Magnificent panoramic views, fascinating history, and interesting geology sums up Red Mountain.
The peak of Red Mountain stands two thousand feet above I-80, above the Eagle Lakes exit 12 miles west of Donner Summit and 5 miles east of the Highway 20 turnoff from I-80.
The views from the top are spectacular for 360 degrees and that’s why the railroad chose it as a fire lookout. To prevent Donner Summit’s heavy snowfall (35 feet a year) from stopping train traffic, the Central Pacific built almost 40 miles of snow sheds. Those snow sheds kept the tracks free of snow, but were also a fire hazard as they baked in the summer sun. Sparks from locomotives set them off and special fire trains were kept ready with full heads of steam to speed off and fight the fires.
Red Mountain, also known as Signal Peak, has a view of most of the snow sheds so the railroad built a stone building at the top staffed 24 hours a day by two fire watchers. Only a year after the telephone was invented, one was installed on Signal Peak.

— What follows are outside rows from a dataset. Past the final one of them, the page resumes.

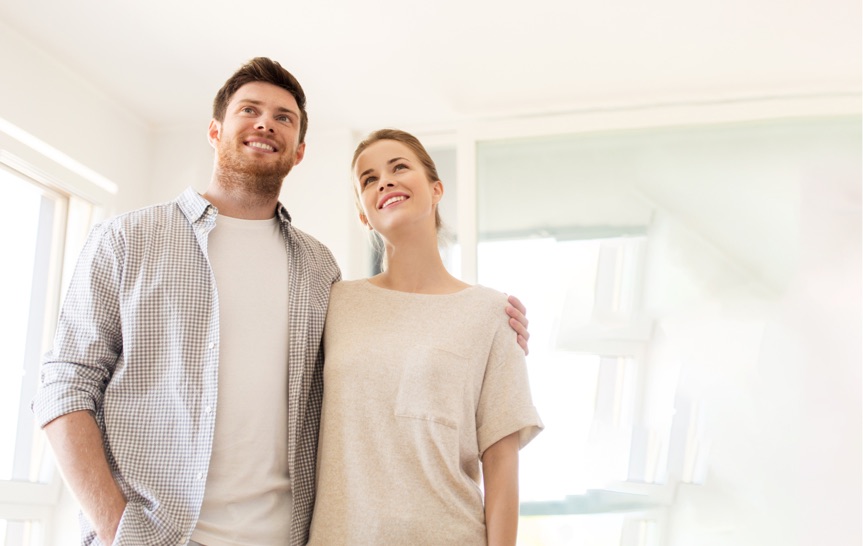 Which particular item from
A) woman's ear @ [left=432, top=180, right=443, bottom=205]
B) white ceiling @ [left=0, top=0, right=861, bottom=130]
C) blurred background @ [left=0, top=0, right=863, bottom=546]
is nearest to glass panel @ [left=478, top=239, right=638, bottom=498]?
blurred background @ [left=0, top=0, right=863, bottom=546]

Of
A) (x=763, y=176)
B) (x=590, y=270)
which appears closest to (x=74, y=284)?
(x=590, y=270)

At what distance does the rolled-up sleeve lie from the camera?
146 cm

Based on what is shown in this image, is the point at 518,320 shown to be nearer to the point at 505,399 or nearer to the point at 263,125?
the point at 505,399

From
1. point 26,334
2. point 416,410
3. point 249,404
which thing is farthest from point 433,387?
point 26,334

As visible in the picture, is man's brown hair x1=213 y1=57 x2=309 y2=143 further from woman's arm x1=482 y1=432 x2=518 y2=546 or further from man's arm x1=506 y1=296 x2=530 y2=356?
woman's arm x1=482 y1=432 x2=518 y2=546

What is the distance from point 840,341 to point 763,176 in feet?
2.11

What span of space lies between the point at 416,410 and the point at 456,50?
1.69 m

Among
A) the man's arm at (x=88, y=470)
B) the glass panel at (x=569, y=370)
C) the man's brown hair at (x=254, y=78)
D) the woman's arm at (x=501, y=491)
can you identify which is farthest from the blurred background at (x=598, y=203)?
the man's arm at (x=88, y=470)

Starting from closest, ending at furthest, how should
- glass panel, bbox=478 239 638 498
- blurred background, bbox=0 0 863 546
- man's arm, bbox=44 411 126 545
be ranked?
man's arm, bbox=44 411 126 545, blurred background, bbox=0 0 863 546, glass panel, bbox=478 239 638 498

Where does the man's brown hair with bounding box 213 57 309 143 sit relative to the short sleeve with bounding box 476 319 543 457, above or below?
above

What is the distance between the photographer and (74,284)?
157 cm

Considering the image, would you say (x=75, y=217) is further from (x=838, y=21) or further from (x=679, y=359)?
(x=838, y=21)

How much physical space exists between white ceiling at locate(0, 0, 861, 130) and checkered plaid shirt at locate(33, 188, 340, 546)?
132 cm

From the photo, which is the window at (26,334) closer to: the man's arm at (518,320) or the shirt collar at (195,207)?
the shirt collar at (195,207) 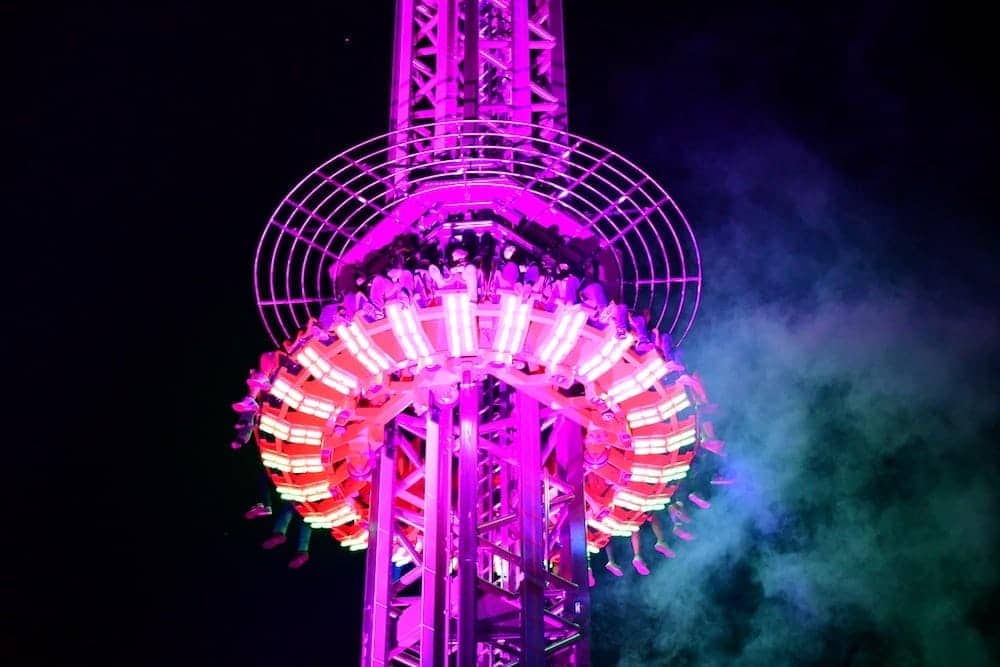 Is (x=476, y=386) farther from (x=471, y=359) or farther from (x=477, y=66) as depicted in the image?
(x=477, y=66)

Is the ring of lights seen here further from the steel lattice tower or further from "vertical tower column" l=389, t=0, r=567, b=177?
"vertical tower column" l=389, t=0, r=567, b=177

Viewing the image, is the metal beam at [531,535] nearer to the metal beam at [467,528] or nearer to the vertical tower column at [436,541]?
the metal beam at [467,528]

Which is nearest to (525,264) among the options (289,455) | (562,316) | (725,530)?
(562,316)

Seeing a fire, fire watchers would telephone Cisco down the road. An operator there would telegraph the fire’s location and the special fire trains would head out.
From the top of Red Mountain you can not only see the snow sheds still remaining, but many lakes, mountains and lots of scenery. If you look closely you can also see the remains of mining.
You can still visit the lookout and imagine what it was like living up there while enjoying a picnic lunch with incomparable views, But it will take some work to get there.
Take the Eagle Lakes exit from I-80 and follow the paved road north and around. You will come to the Indian Springs USFS campground on the south, river side, of the road. A little further along on the north side you will come to the turnoff for Signal Peak OHV.
If you are thinking about driving it, make sure you REALLY like four wheelin’ and have a raised body, over-sized tires, a jack, and good driving skills. Please note it is a rough road and there are note many opportunities in the initial rough parts to turn around.
The road is very steep and gets steeper. In the first mile and a quarter it rises 900 feet. In total the route is only three and a quarter miles long, but rises 2,100 feet. Up up it goes. The last few hundred yards are the hardest. Those last yards are like climbing stairs that shift under you.
If you are up to challenging hikes though, the walk is a good one if you don’t make it too late in the year. Wildflowers, butterflies, streams, and meadows are all nice additions to the gorgeous views. Later in the season the dirt is very dry and the hike is very dusty and hot. Wear boots that support you since there is a lot of loose rock. Bring water.
As you travel the road, imagine… a good portion of the road, before you turn off to Red Mountain, was the stage road that went from Cisco to Meadow Lake, a short-lived mining town that grew in just a couple of years to hundreds of buildings before the over optimistic speculators discovered the gold they thought was there could not be easily removed.
On top it’s spectacular and you can imagine the days when the peak was in integral part of the railroad. There is more though.
The mountain is REALLY historic. Sixty five million years ago, according to "Assembling California", which is an excellent book about California geology, the mountain was sitting out in the Pacific Ocean as an island. Subsequent plate tectonics slammed it into California, eventually making it a peak in the Sierra (elevation 7,700 feet).
Much later, in the twentieth century, Red Mountain was also a ski center hosting some of the first modern downhill competitions.